───── Stored data
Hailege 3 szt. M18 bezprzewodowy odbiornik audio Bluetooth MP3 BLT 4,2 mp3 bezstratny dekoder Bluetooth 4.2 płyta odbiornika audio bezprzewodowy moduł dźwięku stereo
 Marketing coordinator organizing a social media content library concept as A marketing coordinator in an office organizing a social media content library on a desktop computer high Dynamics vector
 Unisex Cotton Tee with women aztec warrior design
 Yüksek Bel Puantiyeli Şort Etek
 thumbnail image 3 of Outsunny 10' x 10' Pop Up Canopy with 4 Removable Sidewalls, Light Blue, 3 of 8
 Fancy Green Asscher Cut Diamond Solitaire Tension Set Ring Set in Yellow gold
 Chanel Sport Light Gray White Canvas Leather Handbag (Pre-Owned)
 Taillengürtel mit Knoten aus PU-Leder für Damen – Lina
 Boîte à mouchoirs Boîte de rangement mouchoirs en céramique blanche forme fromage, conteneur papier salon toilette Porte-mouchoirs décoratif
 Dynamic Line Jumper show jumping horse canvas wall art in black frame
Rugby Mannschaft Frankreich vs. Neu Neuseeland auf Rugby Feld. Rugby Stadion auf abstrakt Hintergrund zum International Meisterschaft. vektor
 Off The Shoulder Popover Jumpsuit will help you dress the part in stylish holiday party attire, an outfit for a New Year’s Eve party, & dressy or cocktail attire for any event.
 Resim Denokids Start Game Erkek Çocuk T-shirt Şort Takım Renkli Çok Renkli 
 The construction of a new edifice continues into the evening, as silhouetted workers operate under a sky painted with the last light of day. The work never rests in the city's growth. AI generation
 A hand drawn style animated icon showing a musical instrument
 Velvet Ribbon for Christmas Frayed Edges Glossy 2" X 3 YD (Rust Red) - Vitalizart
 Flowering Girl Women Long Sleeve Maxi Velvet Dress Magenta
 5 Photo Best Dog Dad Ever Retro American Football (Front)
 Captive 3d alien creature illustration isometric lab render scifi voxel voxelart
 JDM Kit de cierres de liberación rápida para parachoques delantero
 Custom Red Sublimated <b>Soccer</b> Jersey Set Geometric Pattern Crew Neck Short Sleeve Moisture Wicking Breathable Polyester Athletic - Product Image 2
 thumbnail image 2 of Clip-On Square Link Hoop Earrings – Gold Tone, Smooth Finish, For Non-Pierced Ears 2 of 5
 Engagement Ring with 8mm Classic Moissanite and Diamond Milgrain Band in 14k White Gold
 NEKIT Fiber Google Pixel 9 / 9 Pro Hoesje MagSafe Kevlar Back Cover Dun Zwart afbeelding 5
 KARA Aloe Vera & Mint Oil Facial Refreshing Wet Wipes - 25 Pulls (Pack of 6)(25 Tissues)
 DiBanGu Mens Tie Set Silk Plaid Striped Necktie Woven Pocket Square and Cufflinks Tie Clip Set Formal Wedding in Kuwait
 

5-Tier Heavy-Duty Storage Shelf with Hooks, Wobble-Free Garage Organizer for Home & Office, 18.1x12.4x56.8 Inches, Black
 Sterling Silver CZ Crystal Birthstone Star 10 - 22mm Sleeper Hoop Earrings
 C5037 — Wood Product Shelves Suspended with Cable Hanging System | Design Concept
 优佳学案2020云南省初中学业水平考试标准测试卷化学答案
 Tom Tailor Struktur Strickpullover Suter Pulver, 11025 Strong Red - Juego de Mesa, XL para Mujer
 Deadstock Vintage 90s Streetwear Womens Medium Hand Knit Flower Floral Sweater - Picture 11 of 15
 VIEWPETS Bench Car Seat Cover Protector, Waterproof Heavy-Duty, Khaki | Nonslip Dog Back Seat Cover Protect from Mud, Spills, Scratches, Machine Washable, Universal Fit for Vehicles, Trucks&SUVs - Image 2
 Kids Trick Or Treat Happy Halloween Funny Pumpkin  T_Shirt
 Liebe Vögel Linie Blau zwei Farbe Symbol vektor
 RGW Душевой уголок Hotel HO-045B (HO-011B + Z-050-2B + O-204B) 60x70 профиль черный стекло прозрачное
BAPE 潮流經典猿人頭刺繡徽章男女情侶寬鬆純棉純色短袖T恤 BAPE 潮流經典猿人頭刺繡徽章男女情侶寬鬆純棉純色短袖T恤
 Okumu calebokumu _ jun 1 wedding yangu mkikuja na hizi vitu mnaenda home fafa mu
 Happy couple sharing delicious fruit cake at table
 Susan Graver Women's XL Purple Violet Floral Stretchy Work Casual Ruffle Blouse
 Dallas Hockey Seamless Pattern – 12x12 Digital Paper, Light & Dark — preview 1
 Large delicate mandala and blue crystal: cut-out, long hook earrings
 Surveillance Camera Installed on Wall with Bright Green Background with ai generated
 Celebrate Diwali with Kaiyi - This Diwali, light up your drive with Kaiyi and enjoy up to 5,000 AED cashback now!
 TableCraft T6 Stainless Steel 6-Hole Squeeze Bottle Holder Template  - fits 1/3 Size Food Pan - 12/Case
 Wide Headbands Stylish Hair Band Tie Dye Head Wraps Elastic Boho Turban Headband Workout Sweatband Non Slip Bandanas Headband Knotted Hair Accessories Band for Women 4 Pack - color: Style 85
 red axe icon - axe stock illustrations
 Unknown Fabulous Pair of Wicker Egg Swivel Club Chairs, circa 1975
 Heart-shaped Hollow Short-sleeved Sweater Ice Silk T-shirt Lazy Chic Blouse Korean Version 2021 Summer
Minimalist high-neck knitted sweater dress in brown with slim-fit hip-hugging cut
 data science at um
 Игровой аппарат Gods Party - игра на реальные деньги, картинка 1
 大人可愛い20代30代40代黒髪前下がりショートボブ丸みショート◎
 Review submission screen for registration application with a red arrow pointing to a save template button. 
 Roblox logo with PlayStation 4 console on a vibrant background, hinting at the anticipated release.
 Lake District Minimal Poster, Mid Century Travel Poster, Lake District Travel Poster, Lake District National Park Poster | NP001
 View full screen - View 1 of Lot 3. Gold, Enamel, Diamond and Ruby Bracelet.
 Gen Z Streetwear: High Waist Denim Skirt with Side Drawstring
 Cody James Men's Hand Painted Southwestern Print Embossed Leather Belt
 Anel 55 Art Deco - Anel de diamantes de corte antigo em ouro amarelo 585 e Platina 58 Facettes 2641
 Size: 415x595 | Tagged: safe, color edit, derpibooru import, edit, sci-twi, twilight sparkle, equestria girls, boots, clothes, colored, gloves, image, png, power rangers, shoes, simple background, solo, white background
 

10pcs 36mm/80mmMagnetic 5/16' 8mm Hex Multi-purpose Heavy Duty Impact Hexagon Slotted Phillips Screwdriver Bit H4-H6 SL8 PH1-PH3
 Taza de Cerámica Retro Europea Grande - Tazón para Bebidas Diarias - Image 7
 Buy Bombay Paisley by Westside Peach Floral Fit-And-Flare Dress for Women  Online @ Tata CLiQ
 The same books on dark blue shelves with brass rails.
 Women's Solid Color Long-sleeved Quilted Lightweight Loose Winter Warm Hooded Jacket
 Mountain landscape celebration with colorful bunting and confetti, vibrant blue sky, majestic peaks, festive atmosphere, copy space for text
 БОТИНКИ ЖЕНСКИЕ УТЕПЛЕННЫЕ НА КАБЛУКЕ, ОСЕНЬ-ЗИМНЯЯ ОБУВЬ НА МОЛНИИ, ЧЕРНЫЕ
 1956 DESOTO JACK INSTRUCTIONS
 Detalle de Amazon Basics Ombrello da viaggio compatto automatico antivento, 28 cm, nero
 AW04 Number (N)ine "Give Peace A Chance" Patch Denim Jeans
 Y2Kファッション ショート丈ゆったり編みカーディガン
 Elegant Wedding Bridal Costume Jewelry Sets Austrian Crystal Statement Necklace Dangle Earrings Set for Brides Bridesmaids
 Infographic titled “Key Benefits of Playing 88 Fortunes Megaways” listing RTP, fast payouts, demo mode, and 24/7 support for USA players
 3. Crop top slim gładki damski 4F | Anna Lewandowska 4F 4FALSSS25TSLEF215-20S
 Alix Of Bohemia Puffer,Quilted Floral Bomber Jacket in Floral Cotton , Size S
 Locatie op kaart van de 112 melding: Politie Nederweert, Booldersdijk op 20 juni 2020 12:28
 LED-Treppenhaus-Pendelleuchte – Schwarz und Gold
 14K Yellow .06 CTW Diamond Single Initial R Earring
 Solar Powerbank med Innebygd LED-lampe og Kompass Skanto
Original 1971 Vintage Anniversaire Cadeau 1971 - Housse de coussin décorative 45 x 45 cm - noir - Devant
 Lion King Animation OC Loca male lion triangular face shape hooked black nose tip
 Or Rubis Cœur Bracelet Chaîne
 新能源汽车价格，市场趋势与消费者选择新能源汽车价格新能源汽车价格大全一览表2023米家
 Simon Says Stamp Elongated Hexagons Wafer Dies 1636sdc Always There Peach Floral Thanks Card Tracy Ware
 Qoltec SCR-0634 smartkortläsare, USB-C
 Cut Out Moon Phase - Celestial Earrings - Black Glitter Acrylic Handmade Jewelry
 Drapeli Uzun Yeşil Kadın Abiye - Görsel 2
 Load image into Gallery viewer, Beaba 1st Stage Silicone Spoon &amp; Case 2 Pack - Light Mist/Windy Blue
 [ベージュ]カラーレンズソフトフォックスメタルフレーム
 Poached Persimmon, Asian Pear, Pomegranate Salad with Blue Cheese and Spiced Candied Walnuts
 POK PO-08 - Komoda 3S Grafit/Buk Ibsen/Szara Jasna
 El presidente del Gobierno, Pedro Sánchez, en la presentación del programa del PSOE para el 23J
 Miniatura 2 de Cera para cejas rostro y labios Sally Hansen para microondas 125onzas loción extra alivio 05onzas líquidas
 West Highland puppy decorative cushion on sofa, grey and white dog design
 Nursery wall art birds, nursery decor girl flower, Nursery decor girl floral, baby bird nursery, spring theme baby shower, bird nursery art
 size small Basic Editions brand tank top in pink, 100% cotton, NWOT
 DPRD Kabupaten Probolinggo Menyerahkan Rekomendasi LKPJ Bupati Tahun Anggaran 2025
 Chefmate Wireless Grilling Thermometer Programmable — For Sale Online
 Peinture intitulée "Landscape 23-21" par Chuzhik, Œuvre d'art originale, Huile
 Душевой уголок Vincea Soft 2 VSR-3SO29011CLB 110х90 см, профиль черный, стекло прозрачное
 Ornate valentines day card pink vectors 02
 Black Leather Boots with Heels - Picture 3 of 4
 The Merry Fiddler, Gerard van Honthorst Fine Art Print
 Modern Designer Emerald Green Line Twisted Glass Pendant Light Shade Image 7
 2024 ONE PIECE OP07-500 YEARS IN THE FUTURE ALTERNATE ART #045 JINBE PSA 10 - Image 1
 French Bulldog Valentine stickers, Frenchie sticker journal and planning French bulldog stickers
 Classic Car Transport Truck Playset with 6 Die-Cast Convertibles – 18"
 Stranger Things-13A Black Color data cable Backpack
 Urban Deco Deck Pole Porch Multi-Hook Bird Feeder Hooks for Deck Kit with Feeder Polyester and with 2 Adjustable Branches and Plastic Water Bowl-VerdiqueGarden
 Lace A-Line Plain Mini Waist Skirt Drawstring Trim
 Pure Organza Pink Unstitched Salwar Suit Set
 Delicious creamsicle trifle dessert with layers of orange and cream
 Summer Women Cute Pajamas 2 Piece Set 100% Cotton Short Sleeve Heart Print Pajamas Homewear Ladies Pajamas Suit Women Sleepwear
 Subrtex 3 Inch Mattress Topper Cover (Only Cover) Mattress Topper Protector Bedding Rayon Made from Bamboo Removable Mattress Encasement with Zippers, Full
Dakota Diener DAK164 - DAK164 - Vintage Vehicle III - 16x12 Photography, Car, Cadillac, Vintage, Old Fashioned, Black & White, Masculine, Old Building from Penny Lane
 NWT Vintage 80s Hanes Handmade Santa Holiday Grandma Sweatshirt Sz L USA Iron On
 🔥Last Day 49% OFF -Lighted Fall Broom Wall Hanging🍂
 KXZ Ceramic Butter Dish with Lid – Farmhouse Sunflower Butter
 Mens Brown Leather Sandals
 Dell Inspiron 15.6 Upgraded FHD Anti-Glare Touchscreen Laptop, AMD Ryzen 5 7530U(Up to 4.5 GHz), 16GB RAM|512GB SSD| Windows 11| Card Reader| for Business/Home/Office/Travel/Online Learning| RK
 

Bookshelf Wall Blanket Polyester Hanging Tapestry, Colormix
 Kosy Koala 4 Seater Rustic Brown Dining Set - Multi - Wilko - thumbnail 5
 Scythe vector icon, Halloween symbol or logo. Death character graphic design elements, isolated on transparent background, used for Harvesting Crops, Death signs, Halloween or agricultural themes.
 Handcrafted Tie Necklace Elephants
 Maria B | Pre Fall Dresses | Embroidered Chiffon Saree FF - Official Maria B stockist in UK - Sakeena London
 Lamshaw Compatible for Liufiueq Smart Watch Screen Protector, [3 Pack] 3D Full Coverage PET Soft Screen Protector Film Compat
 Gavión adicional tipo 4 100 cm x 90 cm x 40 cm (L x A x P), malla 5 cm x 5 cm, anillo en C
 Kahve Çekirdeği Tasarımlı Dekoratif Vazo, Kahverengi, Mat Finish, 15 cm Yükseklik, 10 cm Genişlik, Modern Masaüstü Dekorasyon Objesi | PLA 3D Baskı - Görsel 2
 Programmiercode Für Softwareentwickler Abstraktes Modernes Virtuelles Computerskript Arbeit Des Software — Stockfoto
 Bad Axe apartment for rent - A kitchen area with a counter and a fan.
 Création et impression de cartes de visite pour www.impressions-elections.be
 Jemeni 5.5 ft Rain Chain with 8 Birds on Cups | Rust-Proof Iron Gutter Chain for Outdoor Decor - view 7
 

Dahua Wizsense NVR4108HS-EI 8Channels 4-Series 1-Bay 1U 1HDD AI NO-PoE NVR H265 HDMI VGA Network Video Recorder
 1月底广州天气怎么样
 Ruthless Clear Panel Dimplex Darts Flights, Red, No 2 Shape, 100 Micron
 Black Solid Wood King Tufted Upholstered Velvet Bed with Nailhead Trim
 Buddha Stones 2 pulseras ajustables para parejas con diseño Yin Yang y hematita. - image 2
──────────
## What is required
All that should be written out is the stretch of lines above between the one holding "DiBanGu Mens Tie" and the one holding "Tom Tailor Struktur", inclusive, exactly as given.

## The answer
 DiBanGu Mens Tie Set Silk Plaid Striped Necktie Woven Pocket Square and Cufflinks Tie Clip Set Formal Wedding in Kuwait
 

5-Tier Heavy-Duty Storage Shelf with Hooks, Wobble-Free Garage Organizer for Home & Office, 18.1x12.4x56.8 Inches, Black
 Sterling Silver CZ Crystal Birthstone Star 10 - 22mm Sleeper Hoop Earrings
 C5037 — Wood Product Shelves Suspended with Cable Hanging System | Design Concept
 优佳学案2020云南省初中学业水平考试标准测试卷化学答案
 Tom Tailor Struktur Strickpullover Suter Pulver, 11025 Strong Red - Juego de Mesa, XL para Mujer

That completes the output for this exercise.